As founder of Motown, Berry Gordy helped mold the careers of music acts that would go on to become some of the world's most iconic stars, including Stevie Wonder, Marvin Gaye, Michael Jackson, Diana Ross and The Supremes and more. For that contribution and more, the Songwriters Hall of Fame is bestowing Gordy with its Pioneer Award.
"Berry Gordy is an innovator and a visionary. Yes, he created a label but more than that, he created a genre," Songwriters Hall of Fame chairman Jimmy Webb says in a statement. "Think about it, he pioneered a marketplace for African American artistry and then he invited the world in to enjoy it."
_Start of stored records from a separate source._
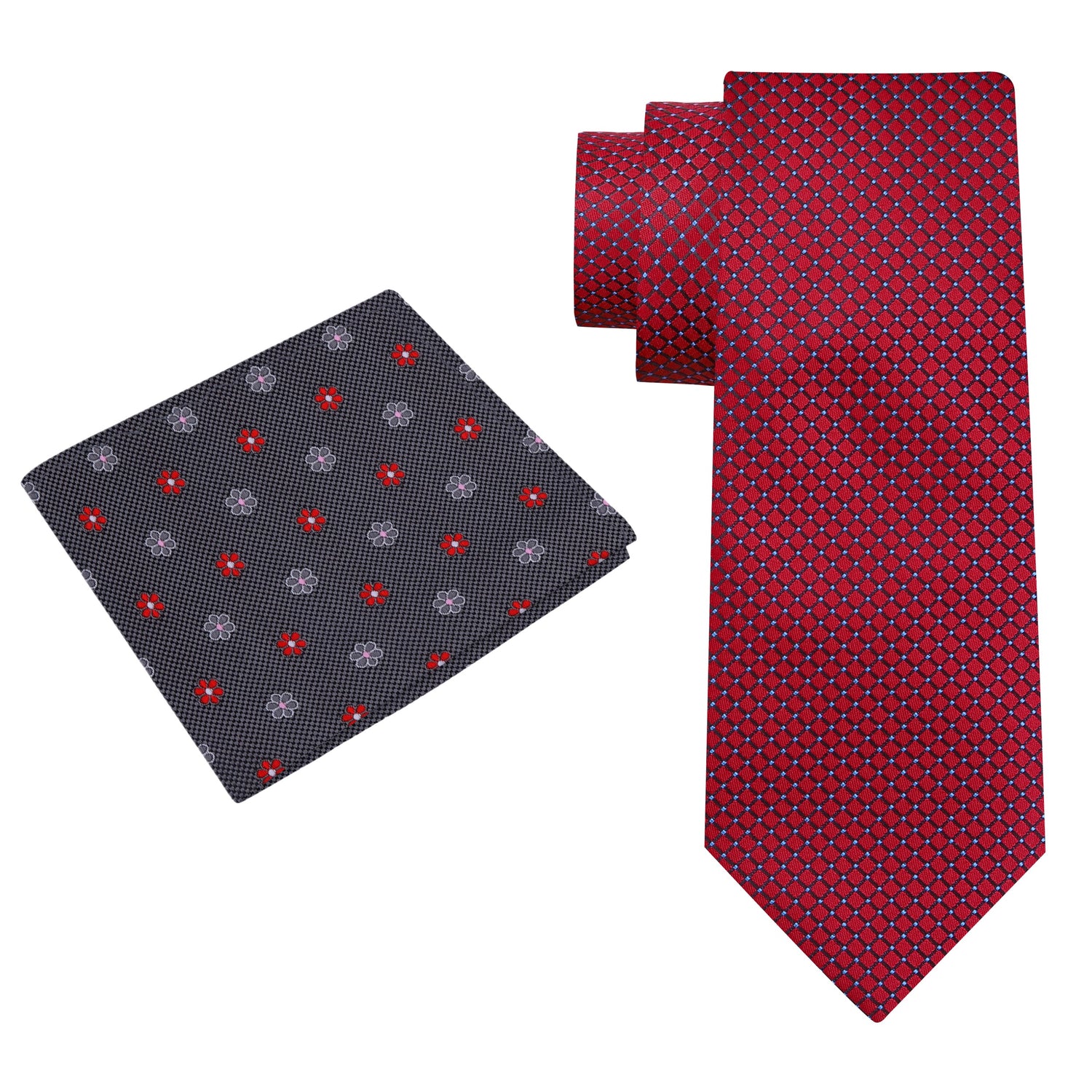 Alt View: A Burgundy Small Geometric Diamond With Small Dots Pattern Silk Necktie With Grey, Red Floral Pocket Square
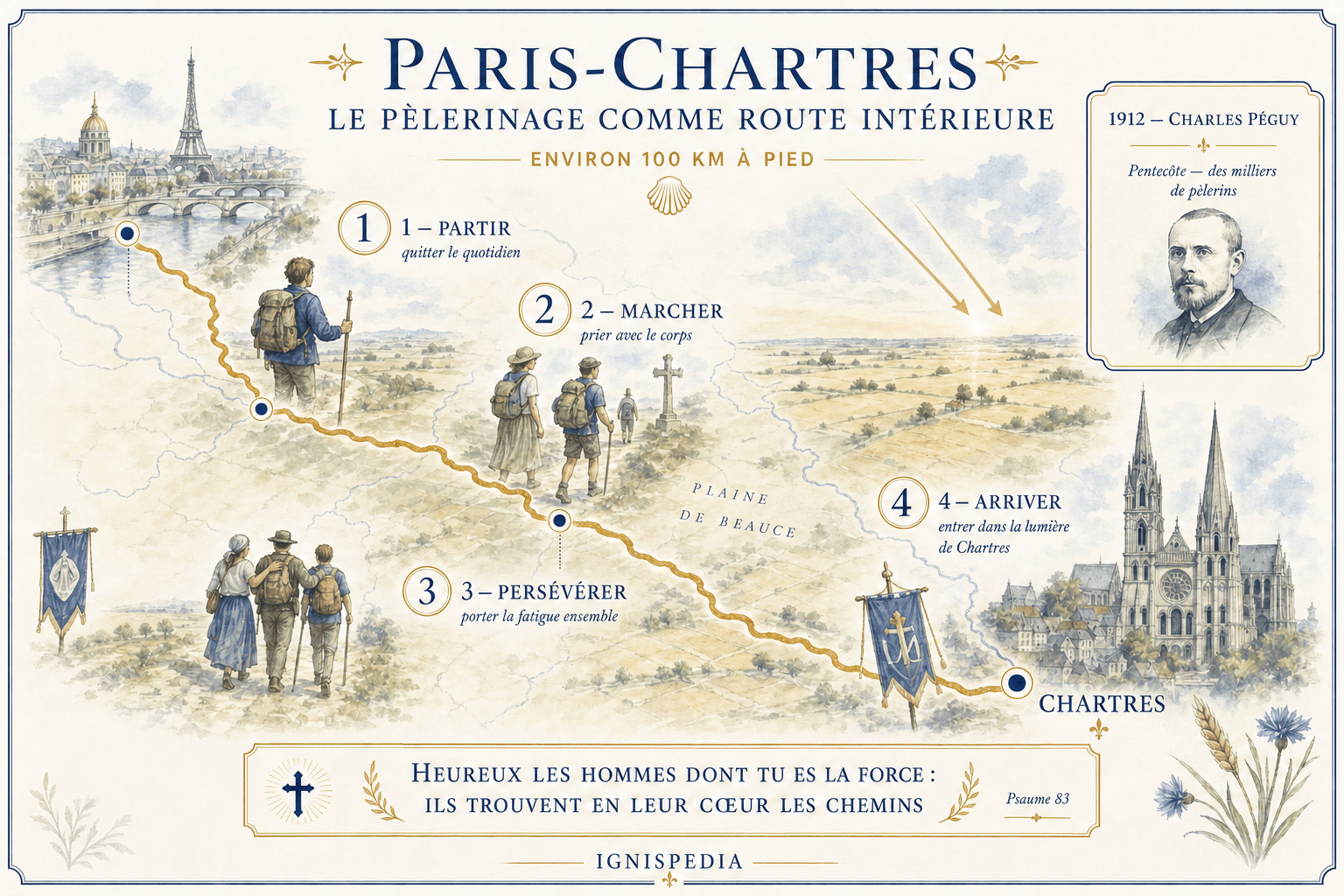 Carte illustrée du pèlerinage à pied de Paris à Chartres et de ses quatre étapes spirituelles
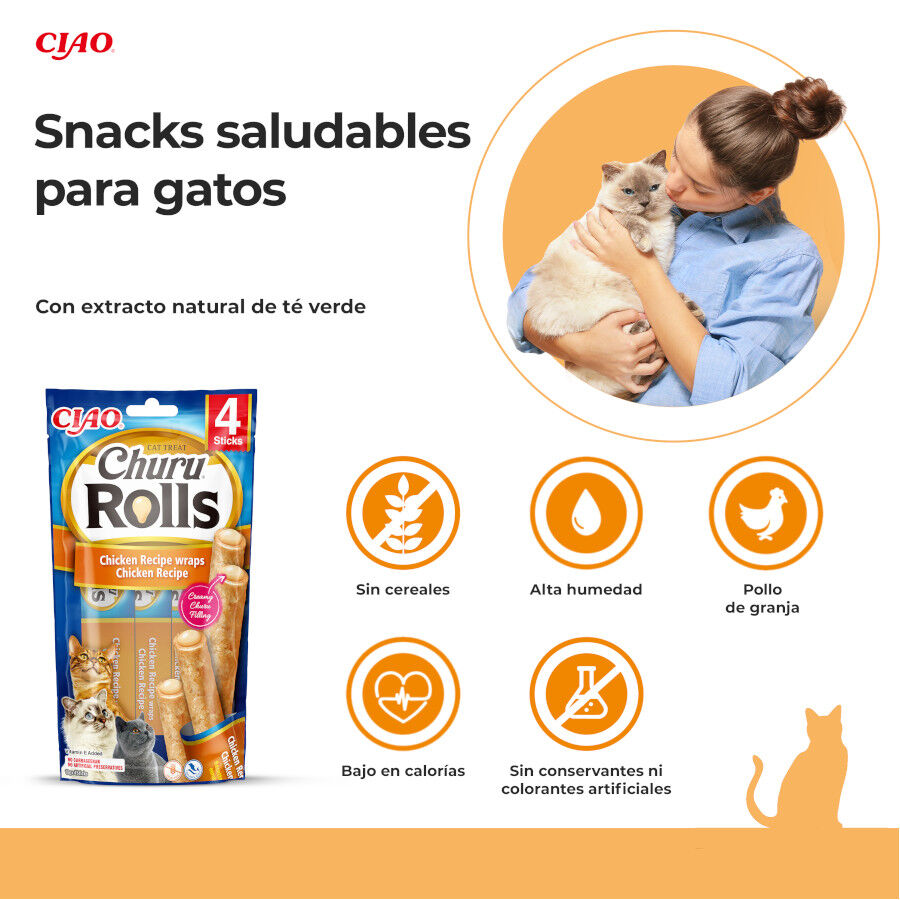 4 sobres x 10 g Churu Sticks Rolls de Pollo para gatos, , large Imagen numero 2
Webb says that Gordy "was way ahead of his time," grooming Motown's artists and ensuring that they received media training. "Berry Gordy and the Motown sound are essential to the American music story," Webb adds.
Gordy will be the first living recipient of the prestigious Pioneer Award, which will be presented to him during the 44th Annual Induction and Awards Dinner that the Songwriters Hall of Fame is hosting Thursday, June 13, in New York City. Last year's Pioneer Award was posthumously presented to singer-songwriter Woody Guthrie.
Next month, Gordy will see the premiere of his Broadway production, Motown: The Musical. Written by Gordy, Motown: The Musical celebrates the artists and songs that emerged from the label that Gordy founded. The play will premiere on April 14 at New York City's Lunt-Fontanne Theatre. Previews are already underway.